(Short text fragments from websites)
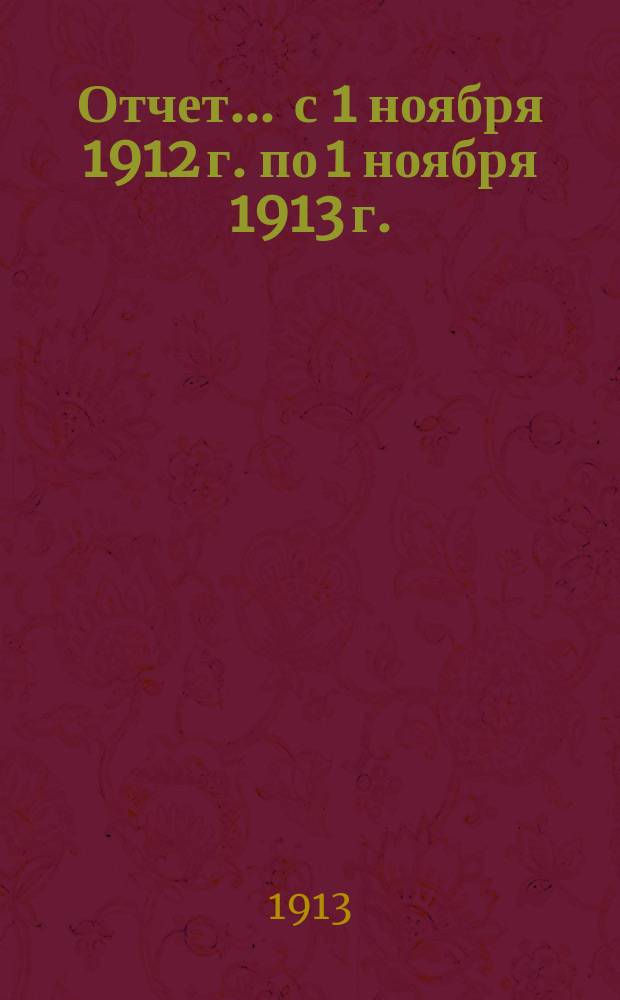 Отчет... ... с 1 ноября 1912 г. по 1 ноября 1913 г.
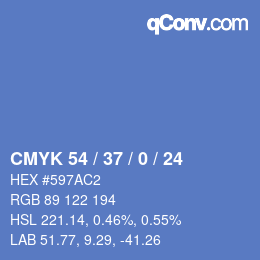カラーコード: CMYK 54 / 37 / 0 / 24 | qconv.com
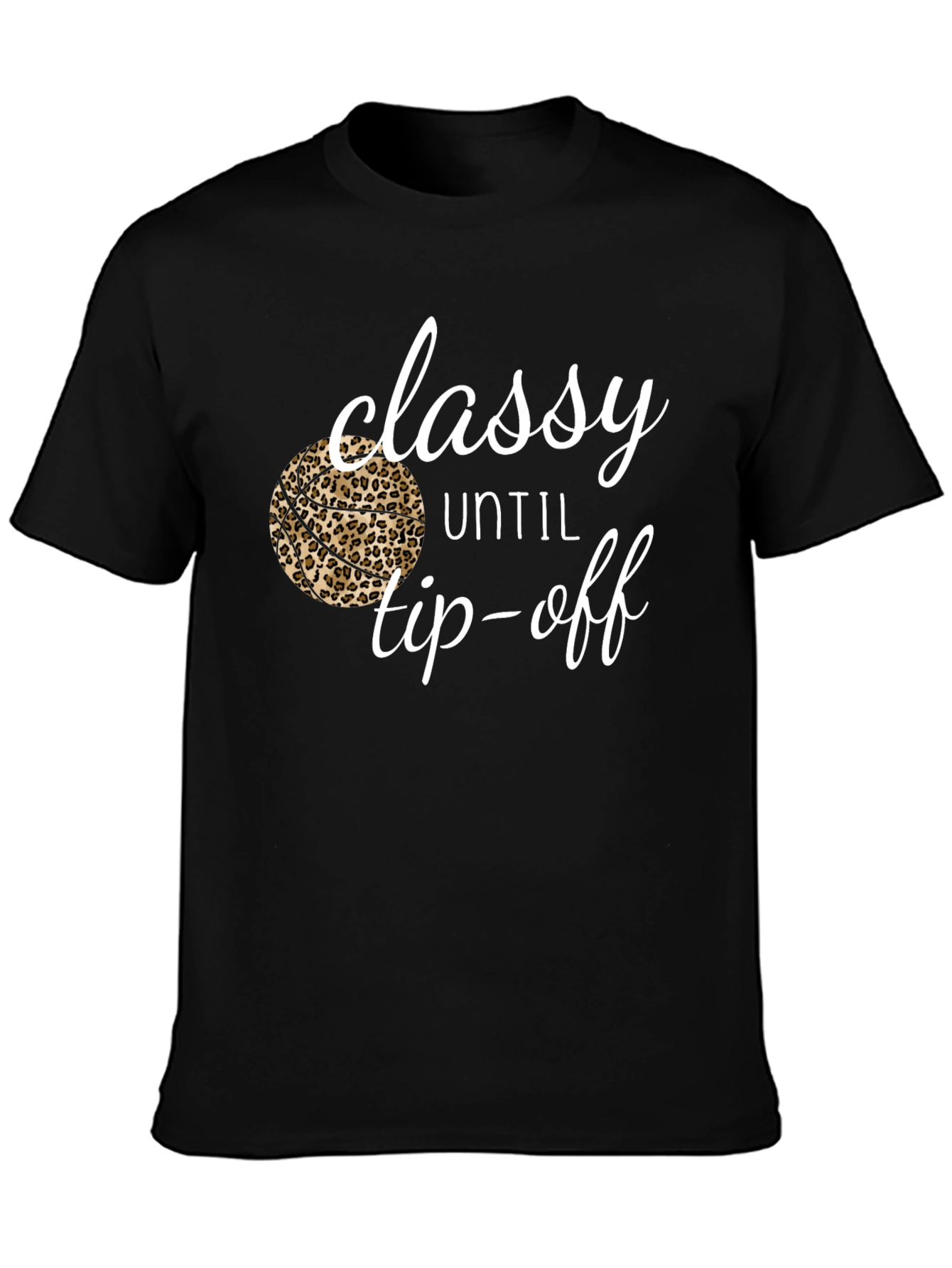Classy Until Tip-Off Graphic Tee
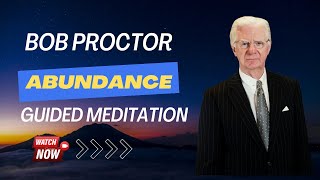 20 Minutes  Bob Proctor Guided Meditation For Abundance amp Success [upl. by Darcie]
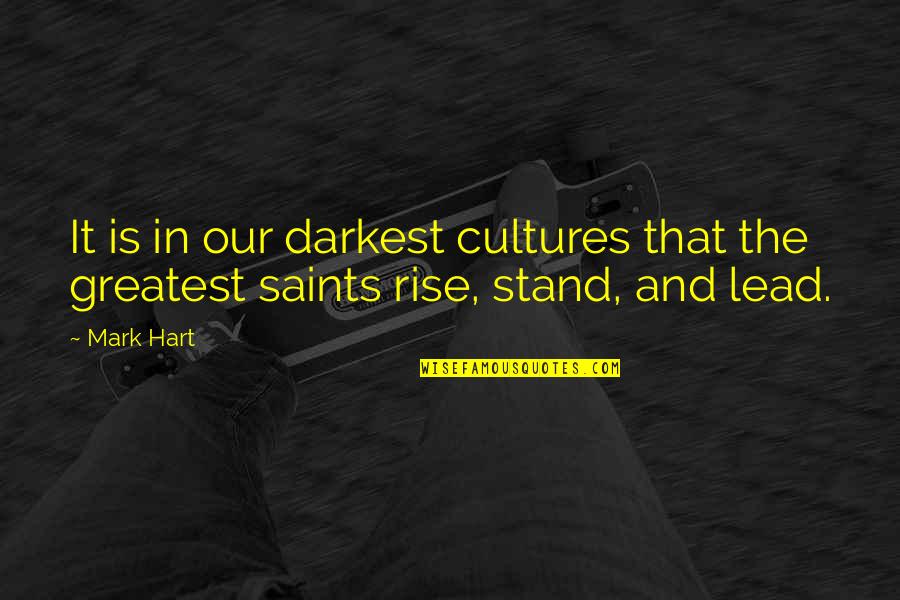 Timpul Verbelor Quotes By Mark Hart: It is in our darkest cultures that the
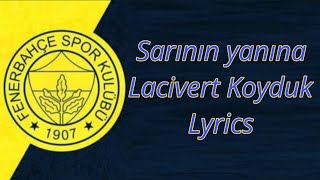 FenerbahçeSarının Yanına Lacivert KoydukLyricsSözleri [upl. by Rodenhouse]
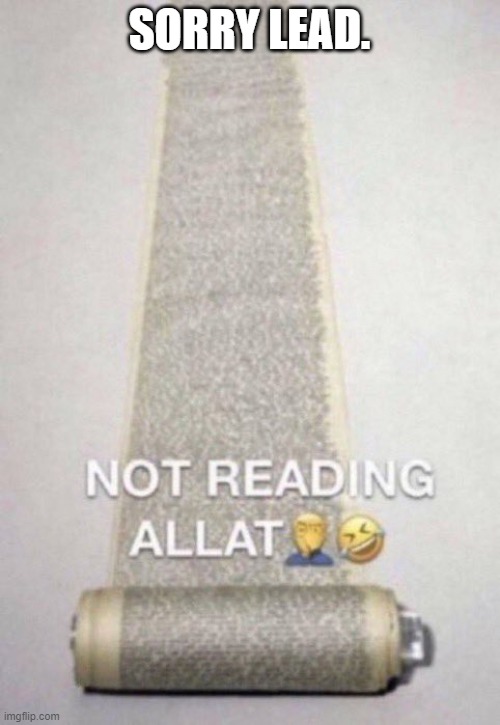 Not Reading Allat | SORRY LEAD. | image tagged in not reading allat | made w/ Imgflip meme maker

#### [Try it]
Copy exactly, and only, the lines from the first entry through the line holding "[upl. by Darcie]", both ends included, leaving out every picture.

#### [Reply to the task]
 Отчет... ... с 1 ноября 1912 г. по 1 ноября 1913 г.
カラーコード: CMYK 54 / 37 / 0 / 24 | qconv.com
Classy Until Tip-Off Graphic Tee
 20 Minutes  Bob Proctor Guided Meditation For Abundance amp Success [upl. by Darcie]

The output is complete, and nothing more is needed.